My initial response was guilt tripping and manipulation. I wanted to force the situation. It was so unfair to me, we’d already been trying for 2 years. Isn’t the point of getting married so you can have kids? Why is she telling me this now?
When this didn’t work, I made a desperate attempt at couples counseling, but it was clear that she was already done with the marriage. The experience of having my bargaining, negotiating, and explaining make absolutely no difference was humbling. There was no chance in altering the outcome of this. That’s when I finally had no other option than to confront myself.
At that point, it could have gone many different ways. One of those ways would have been for me to become cold, bitter, and angry that she deceived me. Upset that she didn’t tell me until 7 years into our marriage that she really didn’t want to have kids. And I’d be righteous and justified about holding on to that anger. But that’s not what I did.
Instead, I took on a new perspective: she still is the woman I fell in love with and married. It’s just that now she wants to do something else. From there, I started to see my responsibility in having her feel unsafe to tell me what she really wants. After we’d made the decision to get divorced, conversations between us were not about blaming each other, it was more like who could take more responsibility for how things ended up.
“I’m sorry, I was such an asshole. I didn’t pay any attention to you or hear anything that you were trying to tell me all along.”
“No, no, I definitely could have said something earlier so it didn’t drag out so long.”
It’s truly a different experience when both people are willing to admit responsibility like this.
In the end, we didn’t “lawyer up.” We hired a mediator who looked over the agreement we wrote up to make sure it was adequately clear what we were agreeing to. 2 months later, we signed the divorce papers.
We still talk to each other. She’s living her life, and I’m living mine. There are absolutely no ill feelings towards each other. Divorce is not a bad thing, it doesn’t make either of us evil, or somehow lost or damaged. It’s just something that happens, and it actually happens very very often.

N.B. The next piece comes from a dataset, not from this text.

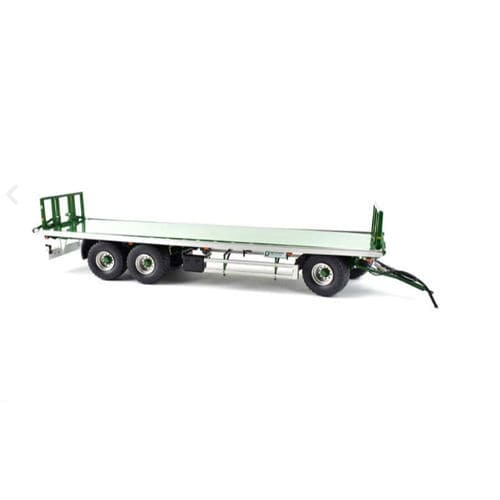 3-axle trailer - PWO 24 - AT-Collections B.V. - agricultural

Then I began to work on myself. I made a list of who I thought I was, then crossed out the characteristics I didn’t like and wrote in what I wanted to replace them with. “I’m insecure, but I don’t like that, so I’m going to replace it with being confident.”
Two years later, I came to the realization that all that was based on the idea that there was something wrong with me that I needed to fix. That’s not what real confidence is. At best, it’s trying to be confident. In the words of Master Yoda, “Do, or do not. There is no try.”

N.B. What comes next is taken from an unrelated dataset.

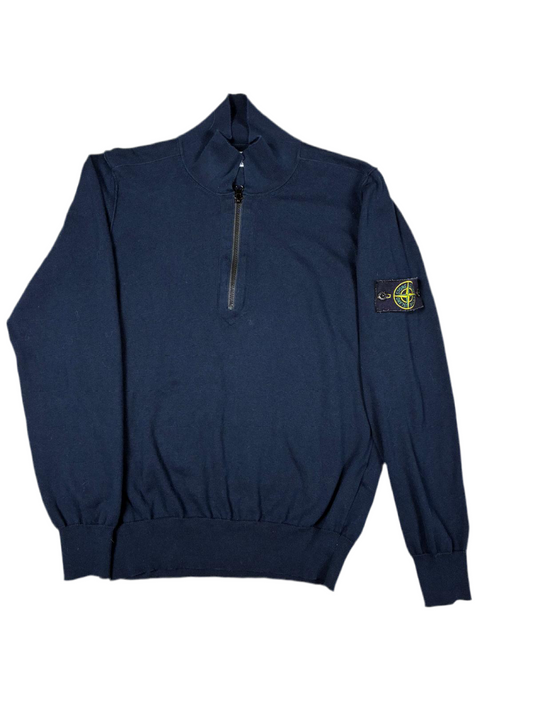 Stone Island trui zipper (M)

What if there was actually nothing wrong with me? This started me down the path I’m still on now: love, acceptance of self and others, ending struggle by getting rid of “should” from my vocabulary. Some people would call this my spiritual awakening. I call it self-awareness, calm, and clarity.
My divorce was the single most impactful event of my life. I can’t imagine who I would be if we’d tried to make the marriage work. It was exactly the wake up call and kick in the pants that I needed to shake me out of my automatic, unconscious trodding along a pre-scripted path. I’m so grateful for the lessons I learned and continue to learn from it.
Much like a lot of lessons life has to offer: it wasn’t easy, but it was worth it.